The reason for the change of heart stems from state insurance regulators allowing the company to increase rates about 15 percent while cutting 125,000 homeowners from the 810,000 it serves in Florida. This allows State Farm to shrink the amount it would expect to lose if a major storm hit the state.
"State Farm is withdrawing its withdrawal," Florida Insurance Commissioner Kevin McCarty said. "A smaller, leaner State Farm in Florida is better than no State Farm at all."
After an earlier bid to raise rates was denied, State Farm in January announced it would stop covering homes in Florida and withdraw from there during a two-year span.
Getting permission from the state to make the change the rates and customer base "helps State Farm Florida stabilize our financial condition, which has been deteriorating for a couple of years now," said Chris Neal, a spokesman for State Farm's Florida unit. "It does what we need it to: It reduces our risk exposure and it begins to address our rate inadequacy."
The company last year reported its first loss in Florida in six years. It paid $542 million to cover claims filed after the devastation caused by Hurricanes Ike and Gustav. In the same year, the entire U.S. insurance industry paid $27 billion in claims - the most since Hurricane Katrina struck three years earlier.
McCarty's department had been concerned many of State Farm's customers would be considered too risky for other insurance companies because they lived in areas most prone to storm damage. They would have flocked to the state-run Citizens Property Insurance Corp. like others whose insurers dropped them after the 2004 and 2005 storm seasons. The state fund already is strapped for cash and may need to sell municipal bonds if another disaster occurs.
Robert Hartwig, president of the Insurance Information Institute, said the rate increase and customer decrease likely resulted from pressure applied by State Farm customers in Florida.

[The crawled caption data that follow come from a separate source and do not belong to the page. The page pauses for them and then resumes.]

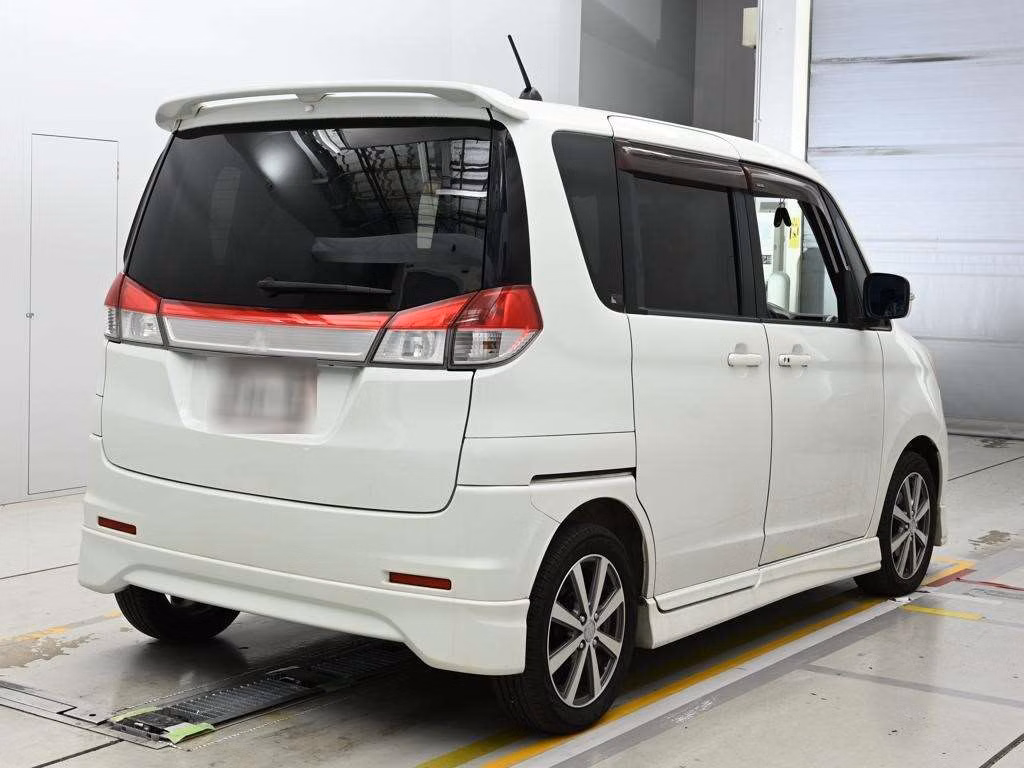 MITSUBISHI DELICA D:2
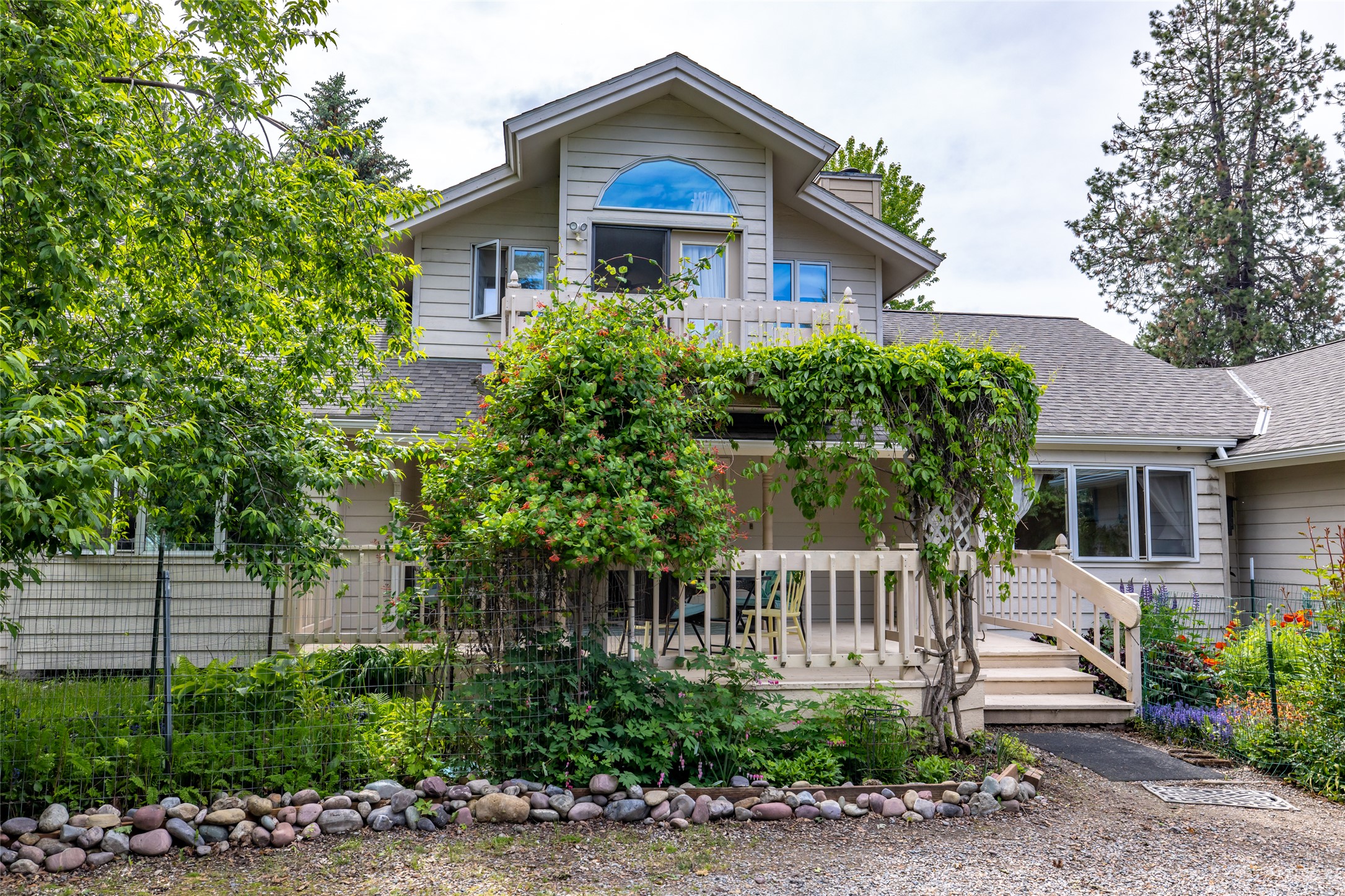 182 Crestview Drive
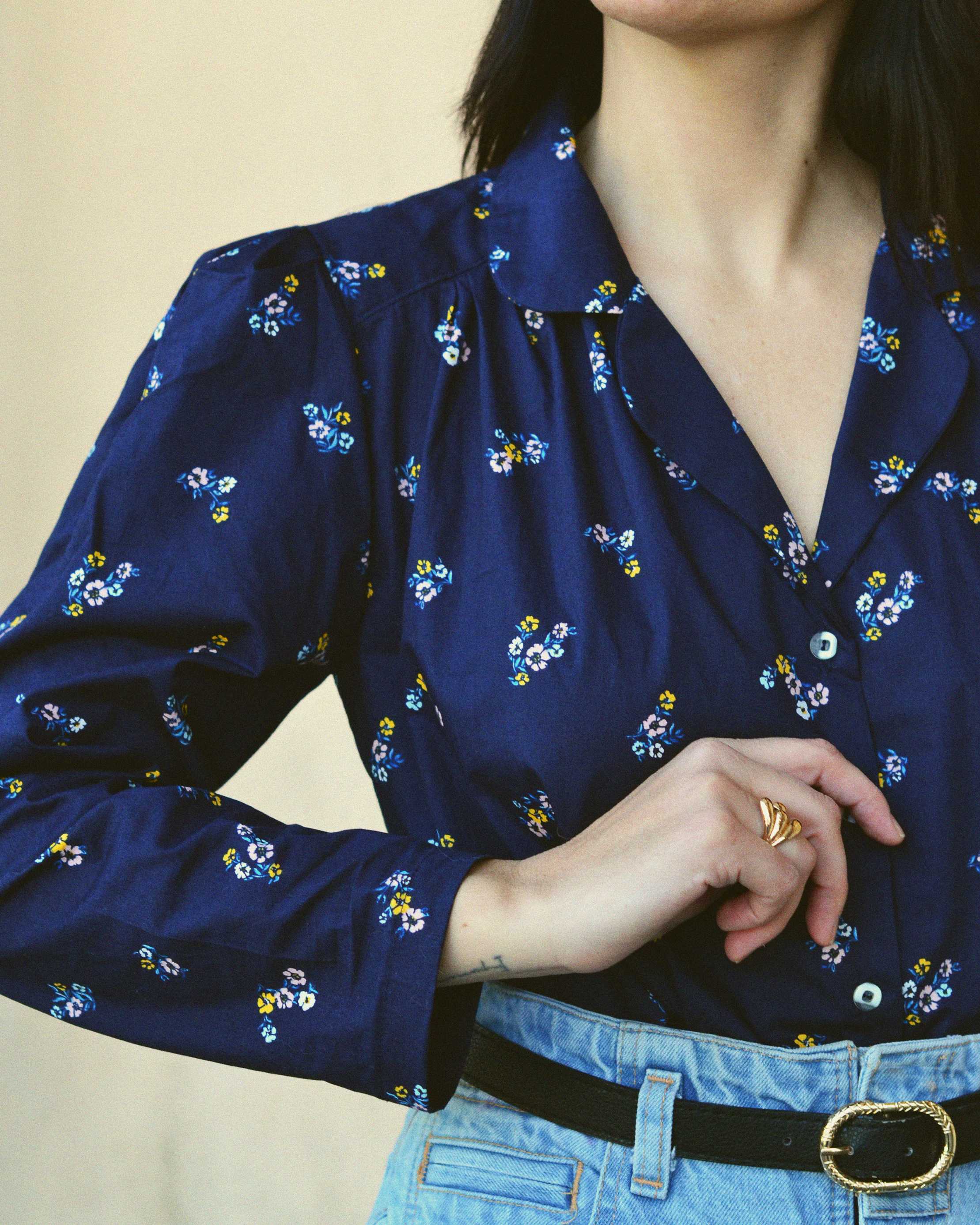 Blusas y Camisas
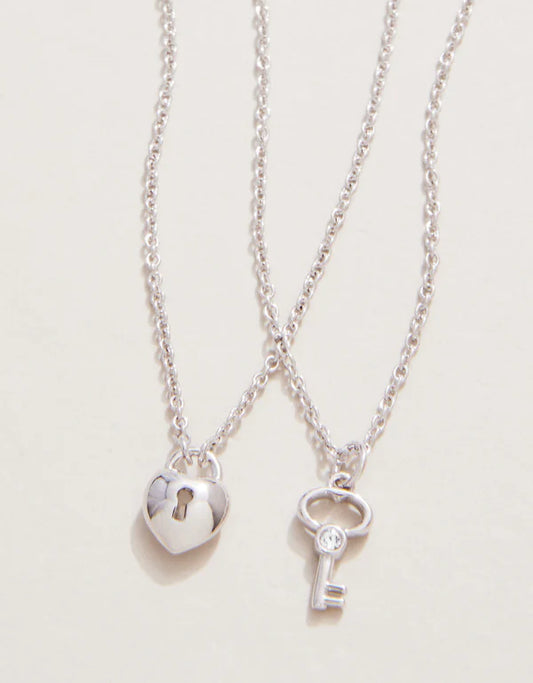 Sea La Vie Best Friends Heart & Key Necklace Set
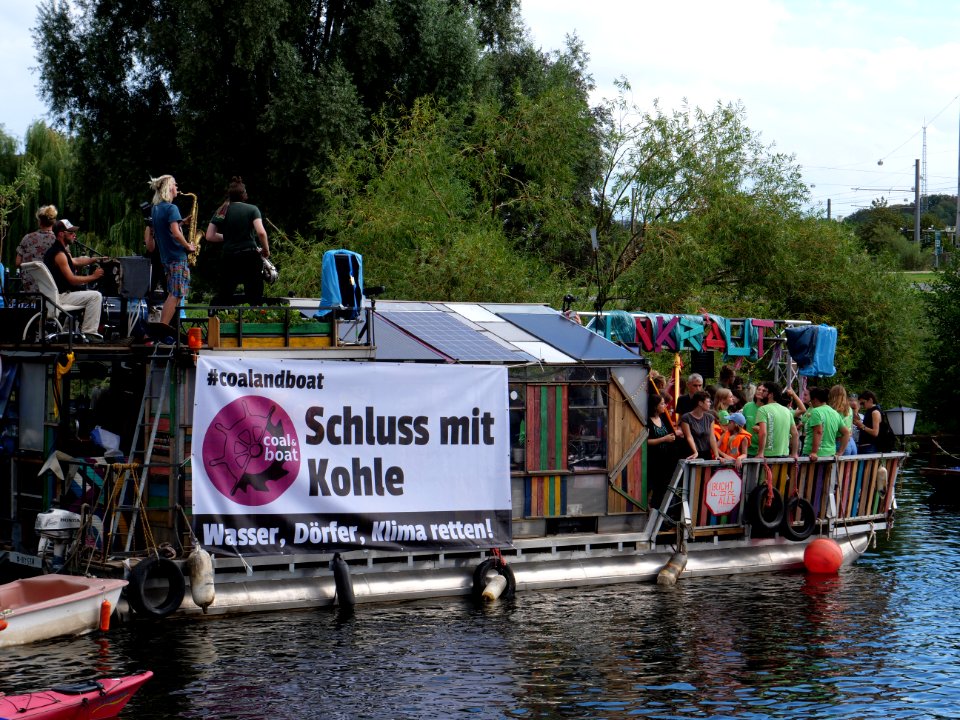 Coal and Boat demonstration 2019 230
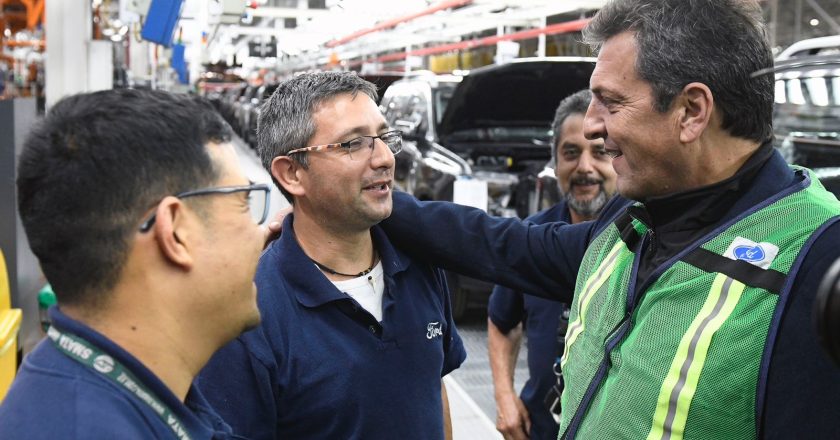 Massa se reunió con trabajadores de Ford y volvió a su agenda histórica: «Bajamos el impuesto a las Ganancias sin prometerlo»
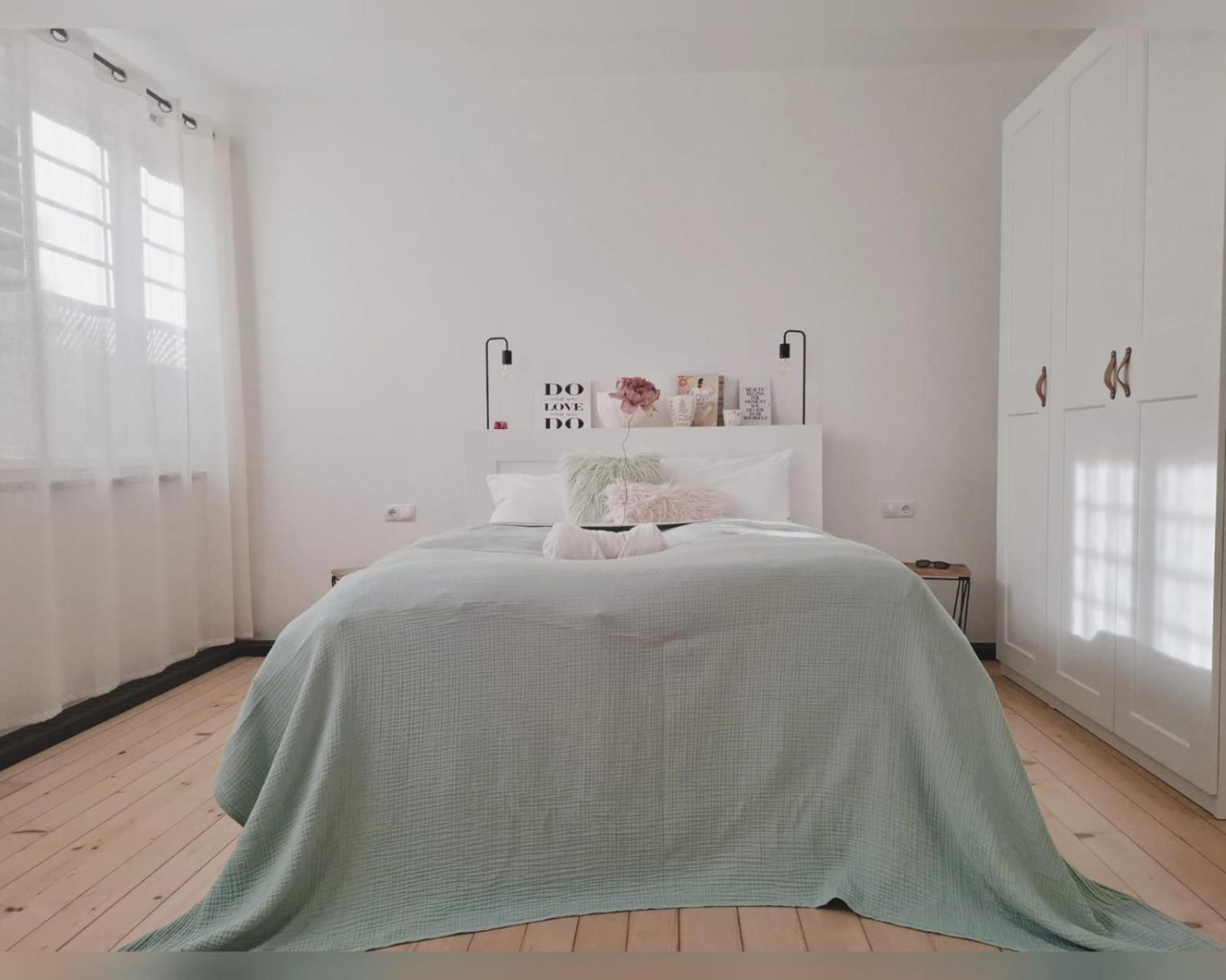 Apartment Wildflower In Privatvilla Im Herzen Merans Ngoại thất bức ảnh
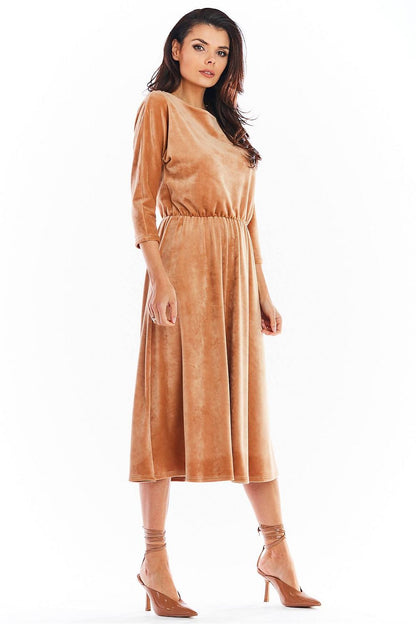  Sukienka Model A407 Welur Beige - awama 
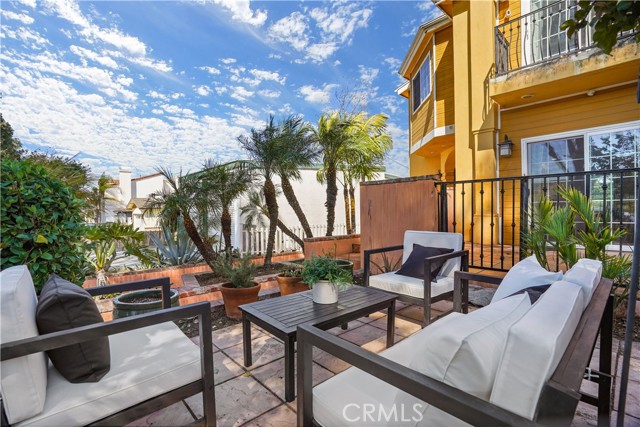 18518 Kingsdale Avenue, Redondo Beach, California 90278, 3 Bedrooms Bedrooms, ,2 BathroomsBathrooms,Residential,Sold,Kingsdale,PW22061551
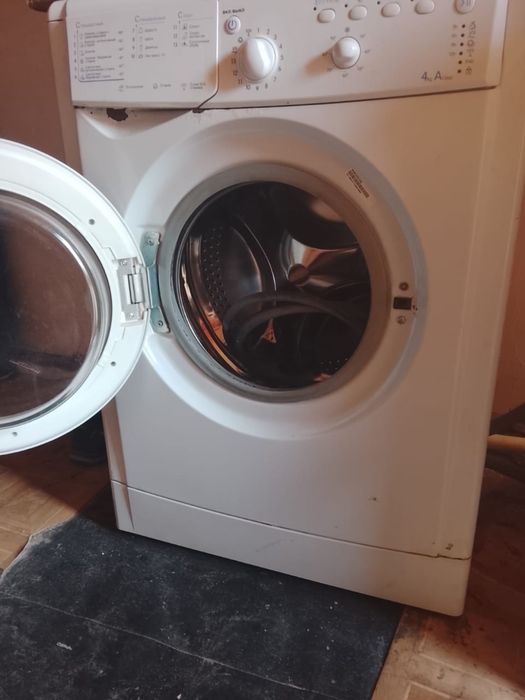 продам машинку indesit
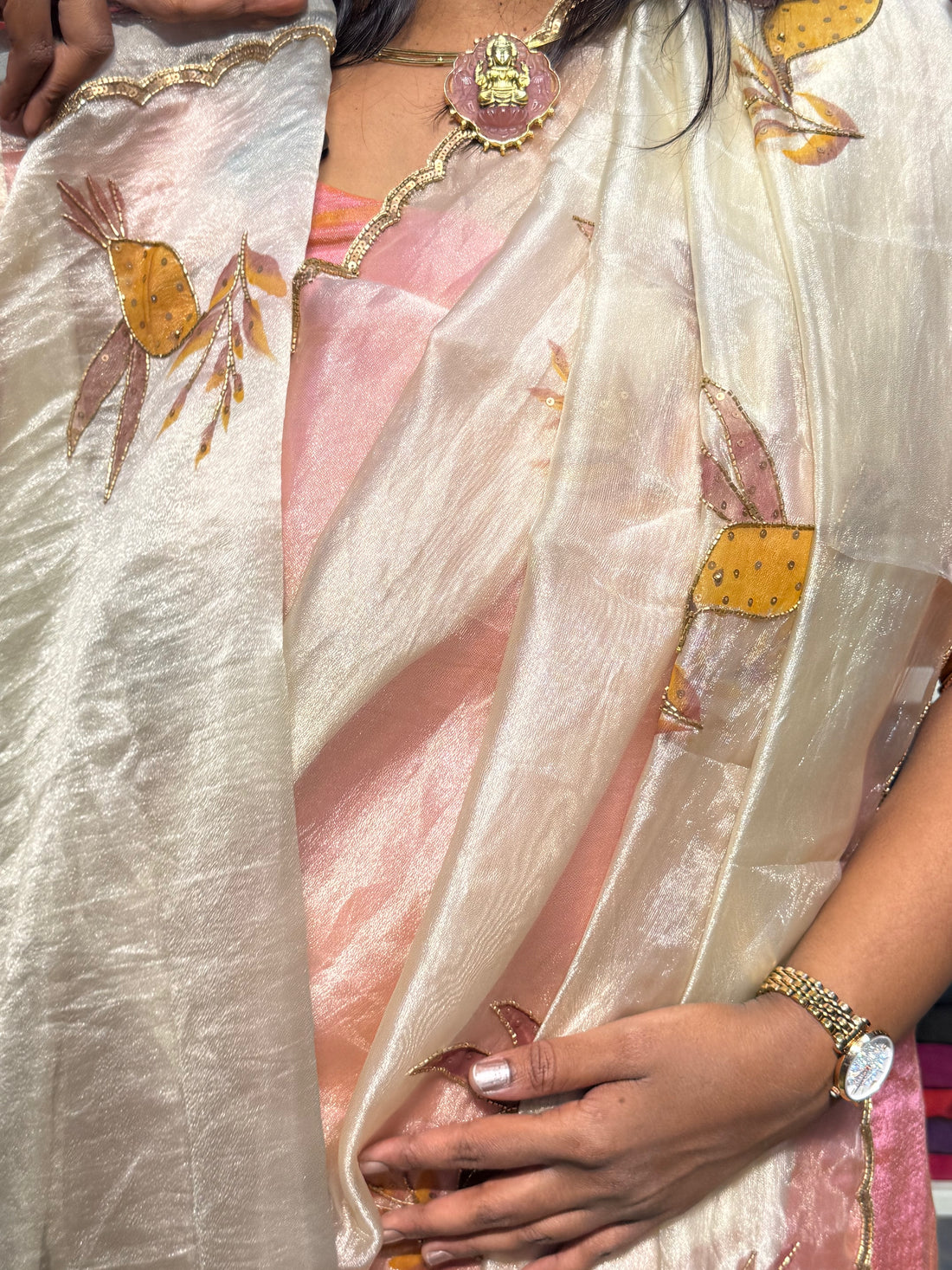 Pure tissue with khardana and handpainted butis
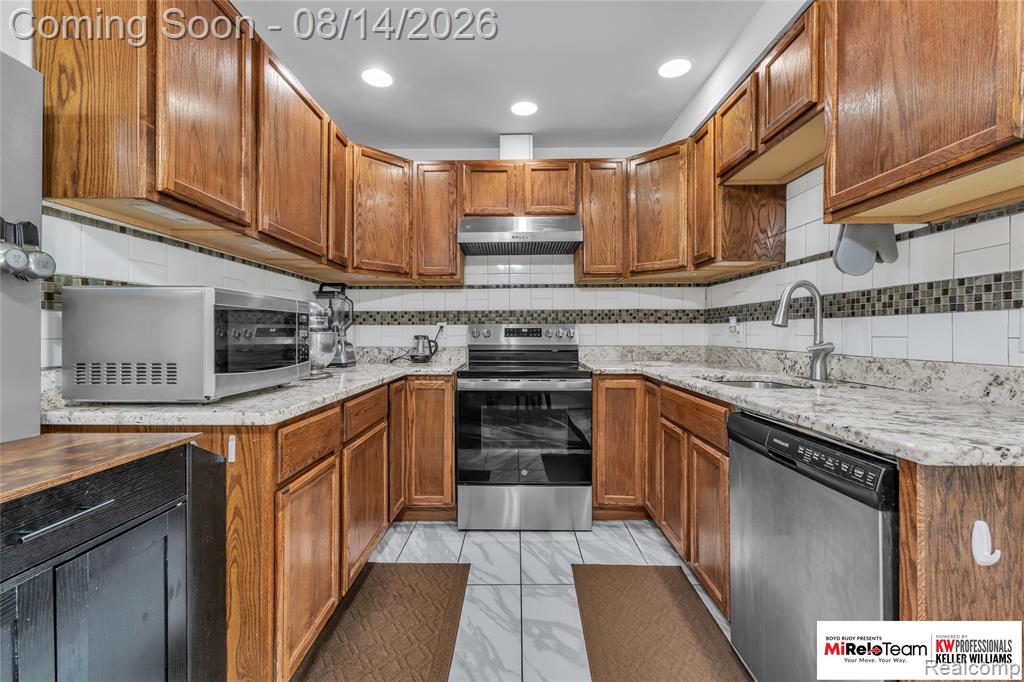 8300 Pacton Drive Property Photo 10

Under the approval, State Farm can drop any Florida customers it chooses, Neal said. The most likely policies terminated would be those for homes in coastal areas most susceptible to storm damage as well as older homes that would be too costly to rebuild, he said.
State Farm in February will issue the first cancellation notices that give policyholders six months to get another insurance company. Even with those cancellations, the company still will be the biggest private home insurer in the state, state insurance regulators said.